> Exercise aim
Please transcribe every entry below exactly, without including the pictures.

> Supplied data
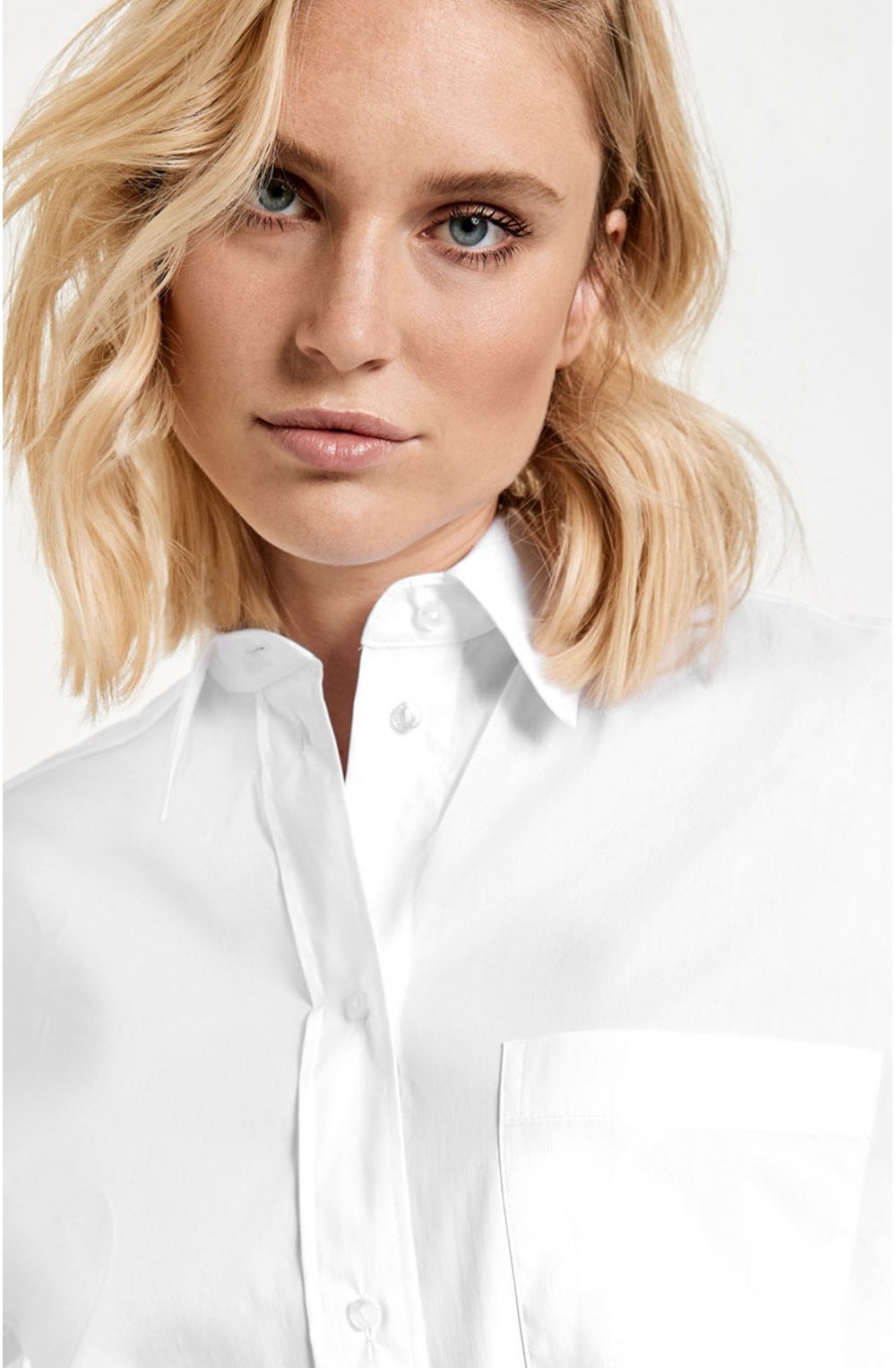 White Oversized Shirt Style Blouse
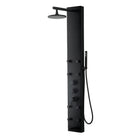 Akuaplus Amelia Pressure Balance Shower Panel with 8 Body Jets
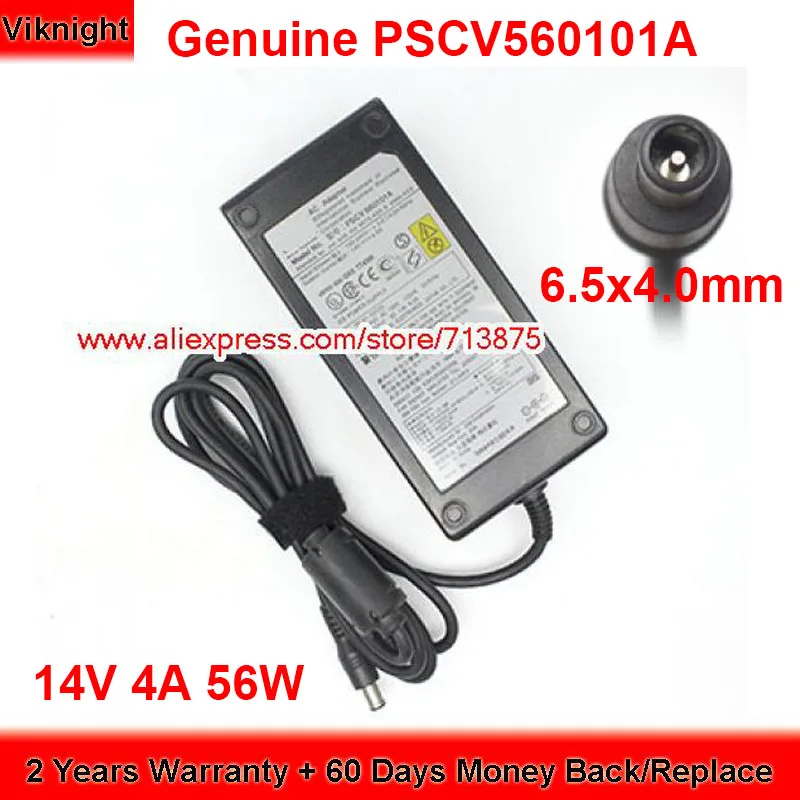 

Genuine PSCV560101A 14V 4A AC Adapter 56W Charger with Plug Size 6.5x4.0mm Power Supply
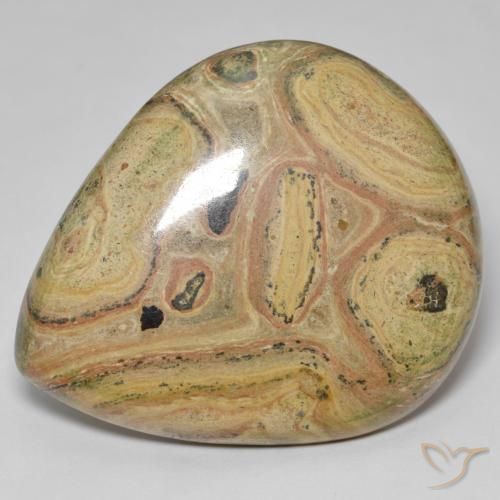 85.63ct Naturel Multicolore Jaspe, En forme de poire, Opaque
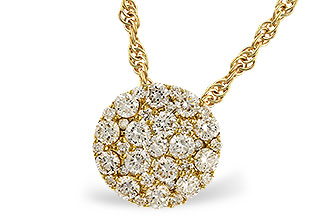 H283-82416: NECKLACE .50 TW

> Problem solution
 White Oversized Shirt Style Blouse
 Akuaplus Amelia Pressure Balance Shower Panel with 8 Body Jets

Genuine PSCV560101A 14V 4A AC Adapter 56W Charger with Plug Size 6.5x4.0mm Power Supply
 85.63ct Naturel Multicolore Jaspe, En forme de poire, Opaque
 H283-82416: NECKLACE .50 TW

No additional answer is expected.